DATASET SECTION Start Marker

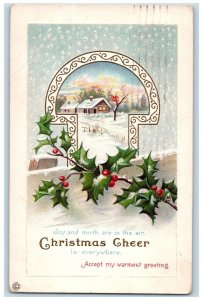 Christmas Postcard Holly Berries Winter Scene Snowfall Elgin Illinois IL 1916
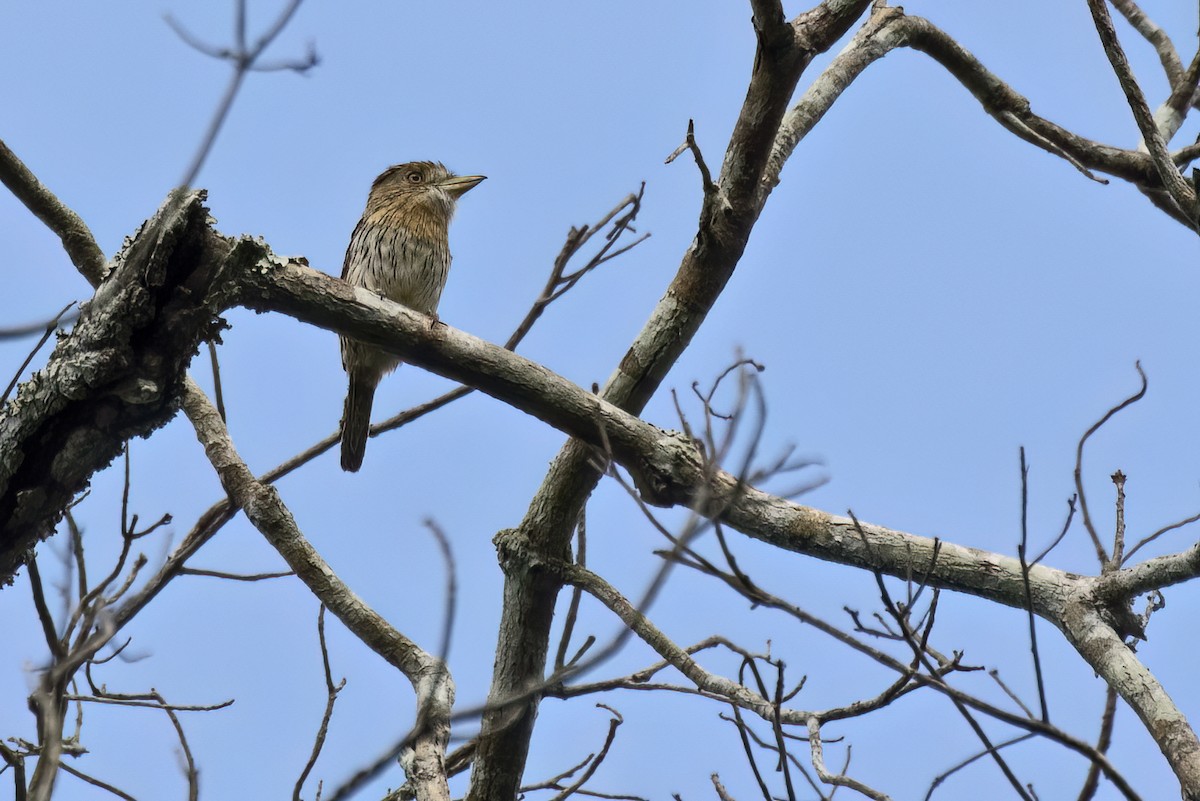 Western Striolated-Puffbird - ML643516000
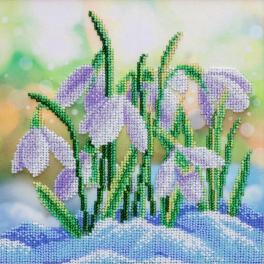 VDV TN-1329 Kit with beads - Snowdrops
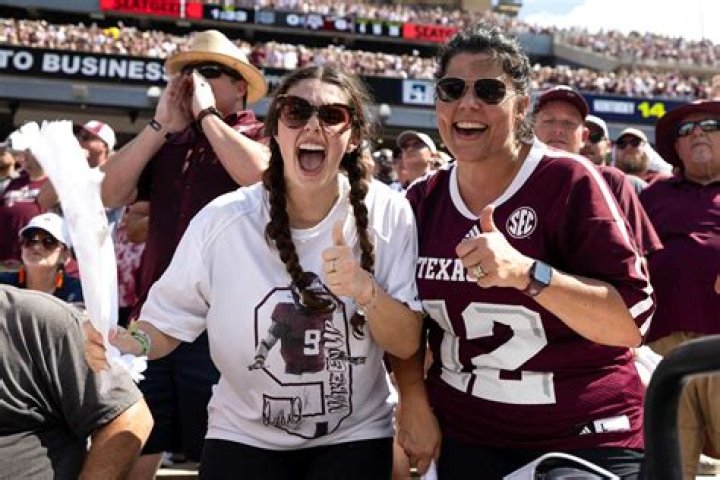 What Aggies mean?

DATASET SECTION End Marker

GOAL OF THE EXERCISE: Transcribe every line of the listing above exactly; skip the pictures.

FINISHED EXERCISE:
 Christmas Postcard Holly Berries Winter Scene Snowfall Elgin Illinois IL 1916
 Western Striolated-Puffbird - ML643516000
 VDV TN-1329 Kit with beads - Snowdrops
 What Aggies mean?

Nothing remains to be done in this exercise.